_Exercise materials_

──────

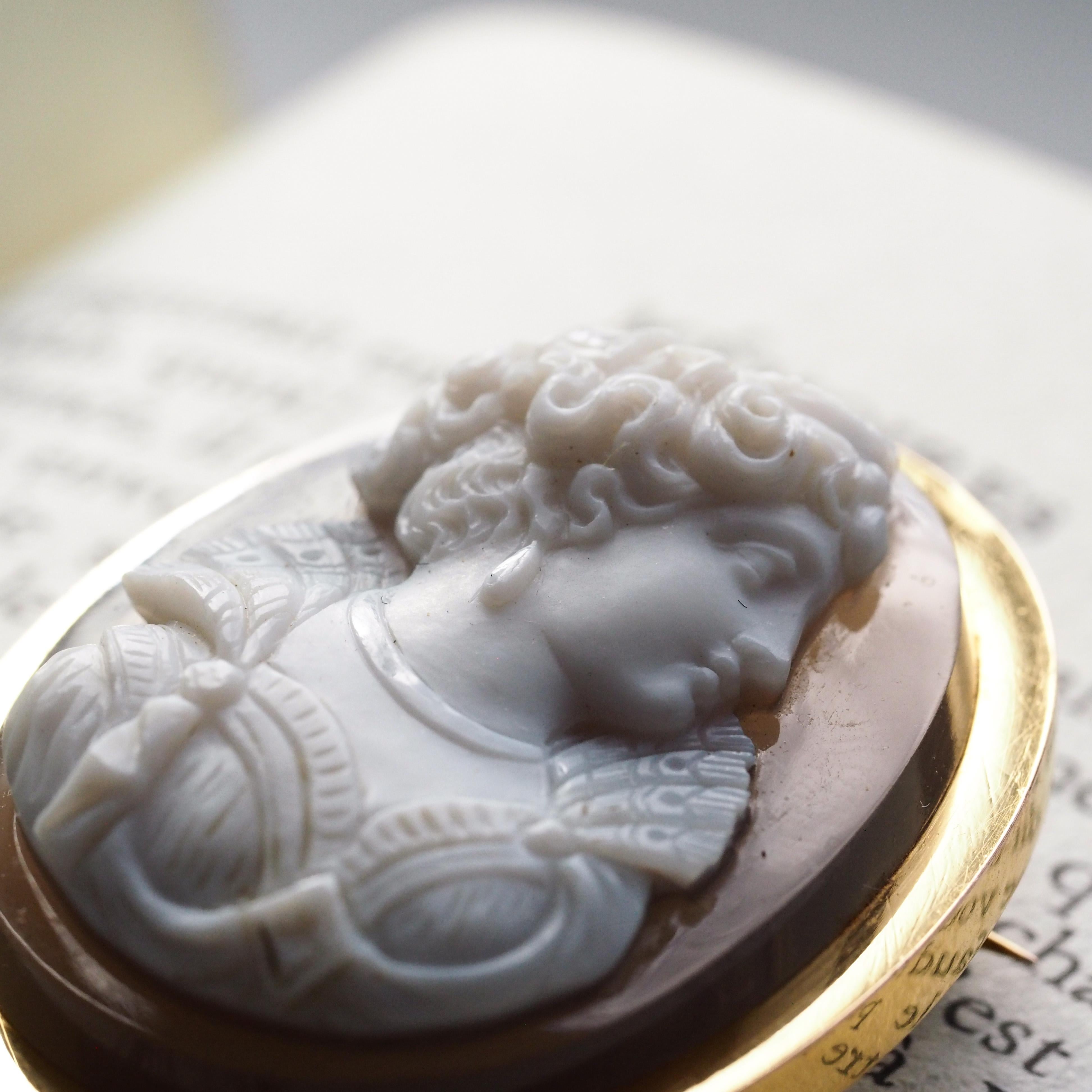 Antique French 18K Gold Cameo Agate Hardstone Victorian - c.1880 For Sale 10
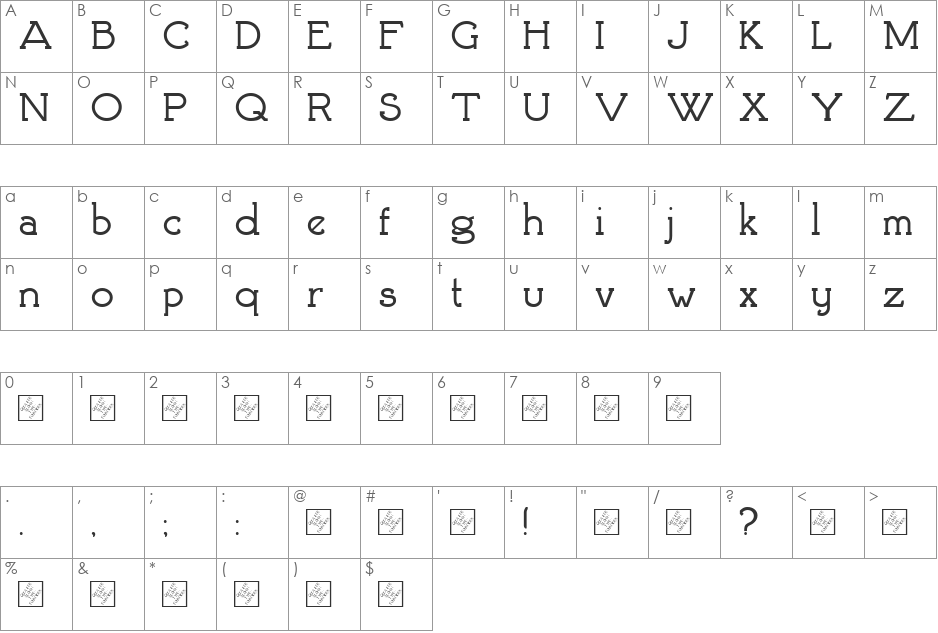 Brosse Demonstrator font character map preview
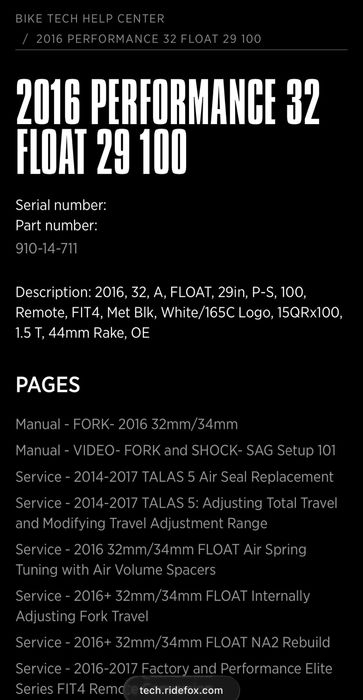 Furcă Fox Float 32 Performance 29” 100mm Non Boost QR15x100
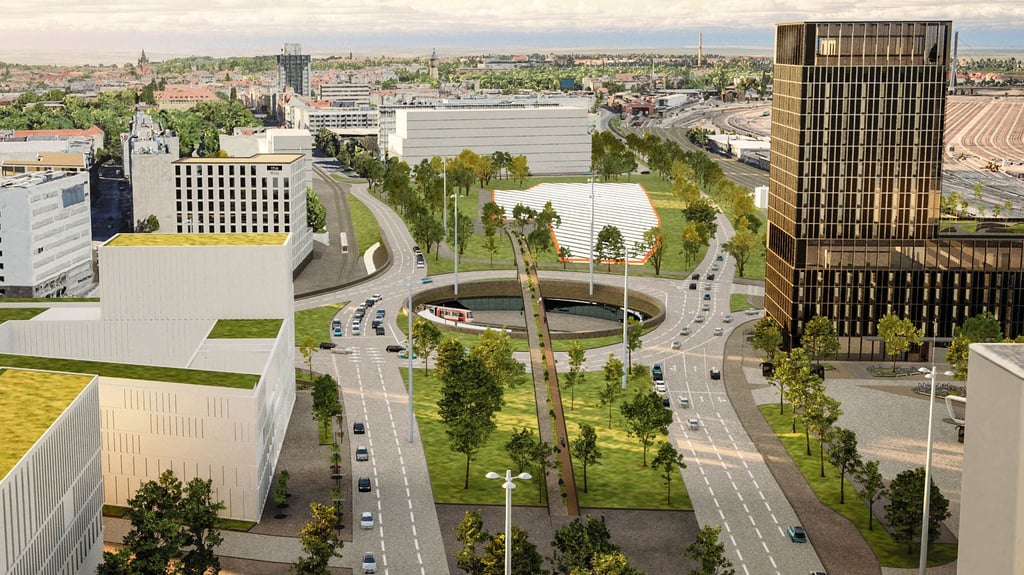 Die Visualisierung zeigt den neuen Riebeckplatz. Auf der schraffierten Fläche soll das Zukunftszentrum stehen. Die Neugestaltung des Verkehrsknotens ist Bestandteil des Architekturwettbewerbs für das Einheitszentrum.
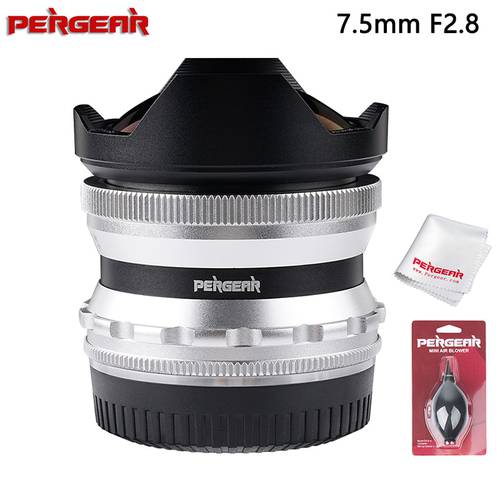 Pergear 7.5mm F2.8 Fisheye Lens Manual Focus Fixed Lens for Sony E-mount Fuji X-Mount Olympus Panasonic M4/3 Mirrorles Camera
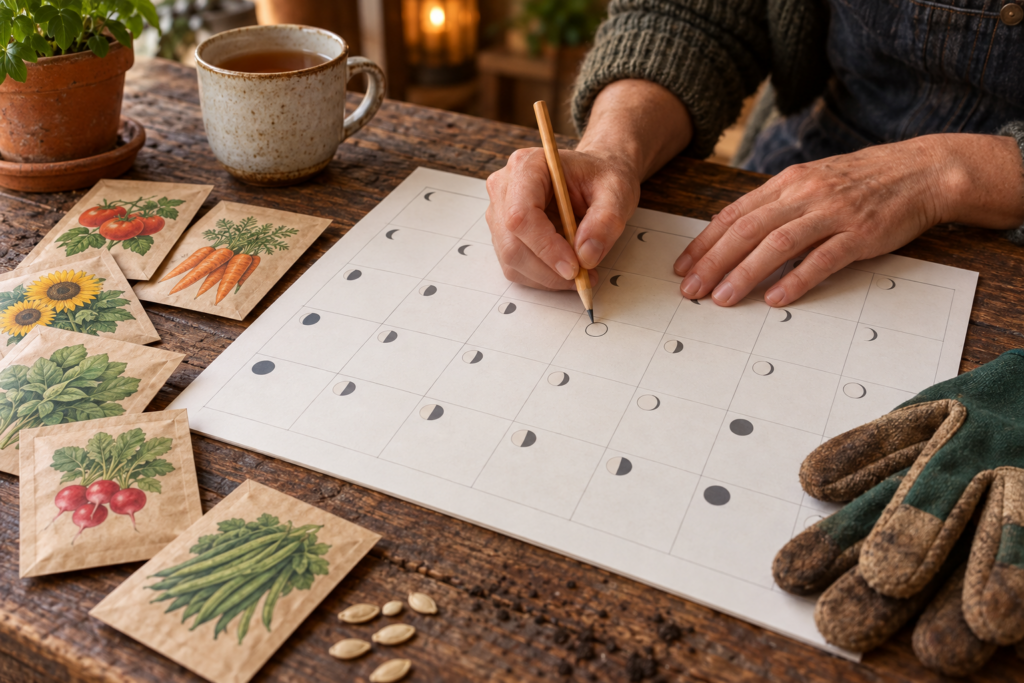 Gardener marking sowing dates on a moon phase planting calendar beside seed packets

──────

_Instructions to follow_
Repeat only the lines between the top of the entries above and the line containing "Die Visualisierung zeigt", both ends included, without the pictures.

_Expected output_
 Antique French 18K Gold Cameo Agate Hardstone Victorian - c.1880 For Sale 10
 Brosse Demonstrator font character map preview
 Furcă Fox Float 32 Performance 29” 100mm Non Boost QR15x100
 Die Visualisierung zeigt den neuen Riebeckplatz. Auf der schraffierten Fläche soll das Zukunftszentrum stehen. Die Neugestaltung des Verkehrsknotens ist Bestandteil des Architekturwettbewerbs für das Einheitszentrum.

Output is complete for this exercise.